[Python-ideas] proposed methods: list.replace / list.indices

Sun Dec 30 23:59:53 CET 2012

On 12/30/2012 9:10 AM, Ned Batchelder wrote:
> On 12/30/2012 5:46 AM, Terry Reedy wrote:
>> On 12/29/2012 10:25 PM, David Kreuter wrote:
>>
>>> I think it would be nice to have a method in 'list' to replace certain
>>> elements by others in-place. Like this:
>>>
>>>      l = [x, a, y, a]
>>>      l.replace(a, b)
>>>      assert l == [x, b, y, b]
>>>
>>> The alternatives are longer than they should be, imo. For example:
>>>
>>>      for i, n in enumerate(l):

Note that enumerate is a generic function of iterables, not a specific 
list method.

>>>          if n == a:
>>>              l[i] = b
>>
>> I dont see anything wrong with this. It is how I would do it in
>> python. Wrap it in a function if you want. Or write it on two line ;-).

My deeper objection is that 'replace_all_in_place' is a generic mutable 
collection function, not a specific list or even mutable sequence 
function. Python 1 was stronger list oriented. Python 3 is mostly 
iterable oriented, with remnants of the Python 1 heritage.

> I wonder at the underlying philosophy of things being accepted or
> rejected in this way.  For example, here's a thought experiment: if
> list.count() and list.index() didn't exist yet, would we accept them as
> additions to the list methods?

I personally would have deleted list.find in 3.0. Count and index are 
not list methods but rather sequence methods, part of the sequence ABC. 
Tuples got them, as their only two public methods, in 3.0 to conform. 
This ties in to Nick's comment. (Actually counting a particular item in 
a collection is not specific to sequencess, but having multiple items to 
count tends to be.) It would be possible for count and index to be 
functions instead. But their definition as methods goes back to Python 1.

Also note that .index has a start parameter, making it useful to get all 
indexes. See the code below.

 > By Terry's reasoning, there's no need
> to, since I can implement those operations in a few lines of Python.

We constantly get proposals to add new functions and methods that are 
easily written in a few lines. Everyone thinks their proposal is useful 
because it is useful in their work. If we accepted all such proposals, 
Python would have hundreds more.

> Does that mean they persist only for backwards compatibility?

Backwards compatibility is important. Changing them to functions would 
be disruptive without sufficient gain.

> Was their initial inclusion a violation of some "list method philosophy"?

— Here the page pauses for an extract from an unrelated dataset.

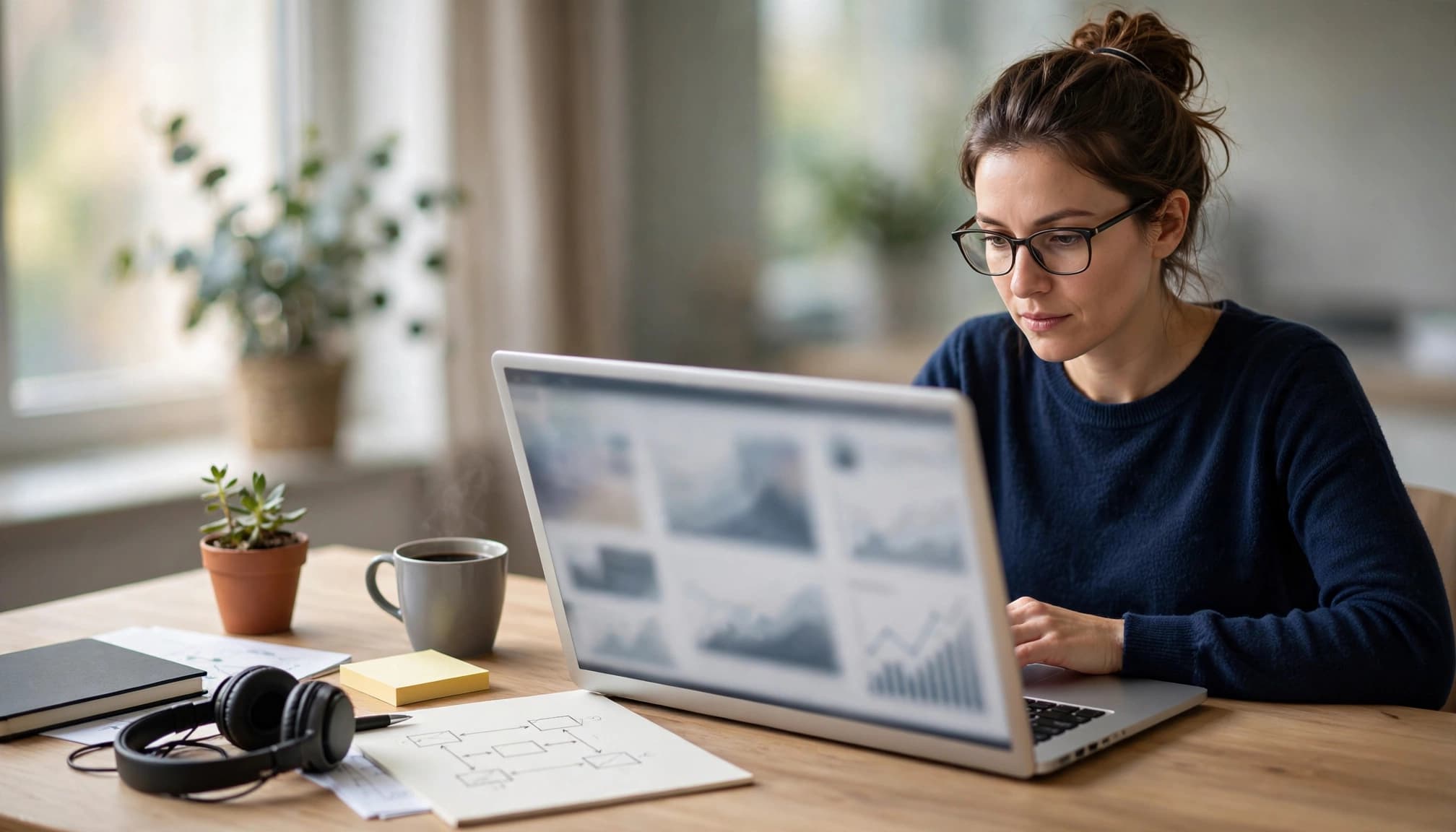 SEO developer reviewing a blurred laptop screen at a tidy desk.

No, it was part of the Python 1 philosophy of lists as the common data 
interchange type. As I said, this has changed in Python 3.

> Or is
> there a good reason for them to exist, and if so, why shouldn't
> .replace() and .indexes() also exist?

Neither are list methods. Nicks gave a generic indexes generator. A 
specific list indexes generator can use repeated applications of .index 
with start argument. I do that 'inline' below.

> I would hate for the main
> criterion to be, "these are the methods that existed in Python 2.3,"

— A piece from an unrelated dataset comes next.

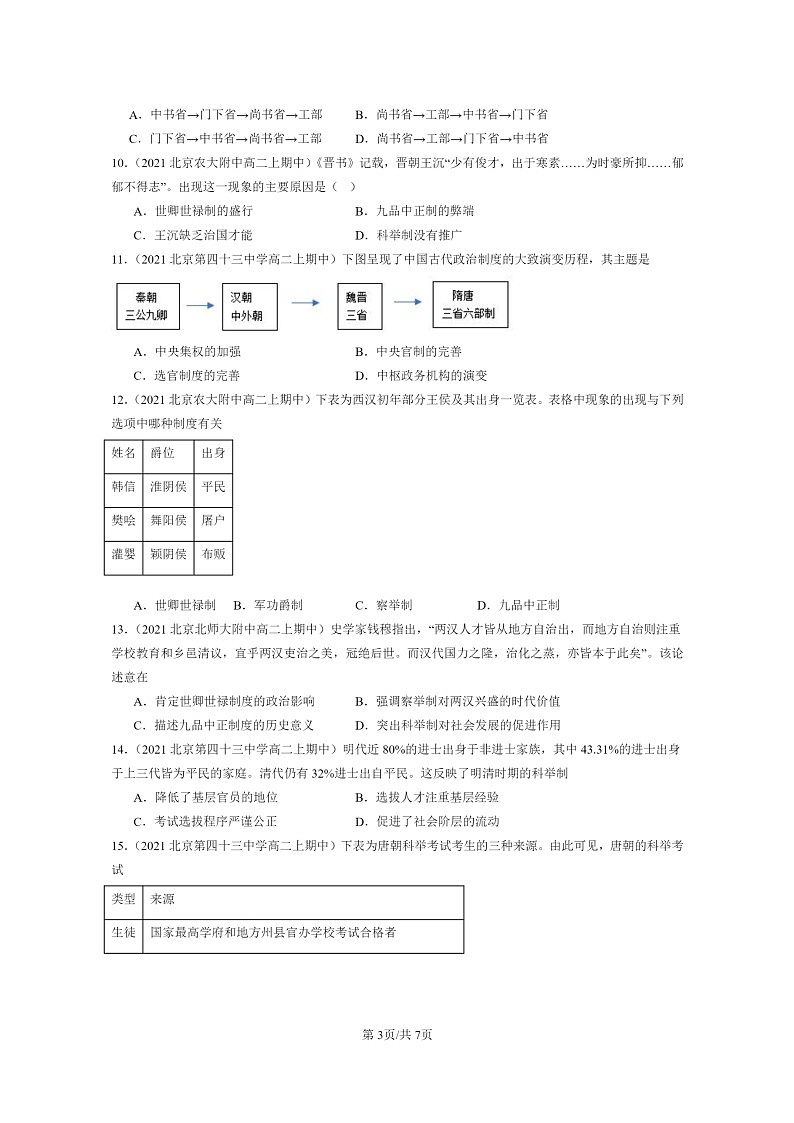 [历史]2021～2023北京重点校高二上学期期中历史真题分类汇编：隋唐制度的变化与创新03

Then you are hating reality ;-). The .method()s of basic builtin classes 
is close to frozen.

>> There is a perfectly good python version above that does the necessary
>> search and replace as efficiently as possible. Thank you for posting it.

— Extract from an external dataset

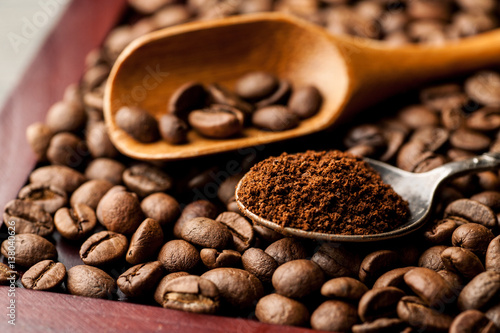 Coffee in a metal and wooden spoon closeup shot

> You say "as efficiently as possible," but you mean, "as algorithmically
> efficient as possible," which is true, they are linear, which is as good
> as it's going to get.  But surely if coded in C, these operations would
> be faster.

You are right.
Lets do the next-item search in C with .index.
If the density of items to be replaces is low, as it would be for most 
applications, this should dominate.

def enum(lis):
       for i, n in enumerate(lis):
           if n == 1:
               lis[i] = 2

a, b = 100, 10000  # started with 2,1 for initial tests
start = a*([1]+b*[0])
after = a*([2]+b*[0])

# test that correct before test speed!
# since the list is mutated, it must be reset for each test
lis = start.copy()
enum(lis)
print('enum: ', lis == after)

def repin(lis):
     i = -1
     try:
         while True:
             i = lis.index(1, i+1)
             lis[i] = 2
     except:
         pass

lis = start.copy()
repin(lis)
print('repin: ', lis == after)

from timeit import timeit
# now for speed, remembering to reset for each test
# first measure the copy time to subtract from test times
print(timeit('lis = start.copy()',
              'from __main__ import start', number=10))
print(timeit('lis = start.copy(); enum(lis)',
              'from __main__ import start, enum', number=10))
print(timeit('lis = start.copy(); repin(lis)',
              'from __main__ import start, repin', number=10))
# measure scan without replace to give an upper limit to python-coded 
replace
# since lis is not mutated, it only needs to be defined once
print(timeit('repin(lis)',
              'from __main__ import a, b, repin; lis = a*(b+1)*[0]',
              number=10))

# prints
enum:  True
repin:  True
0.06801244890066886
0.849063227602523
0.2759397696510706
0.20790119084727898

After subtracting and dividing, enum take .078 seconds for 100 
replacements in 1000000 items, repin just .021, which is essentially the 
time it takes just to scan 1000000 items. So doing the replacements also 
in C would not be much faster. Rerunning with 10000 replacements (a,b = 
10000, 100), the times are .080 and .024.

-- 
Terry Jan Reedy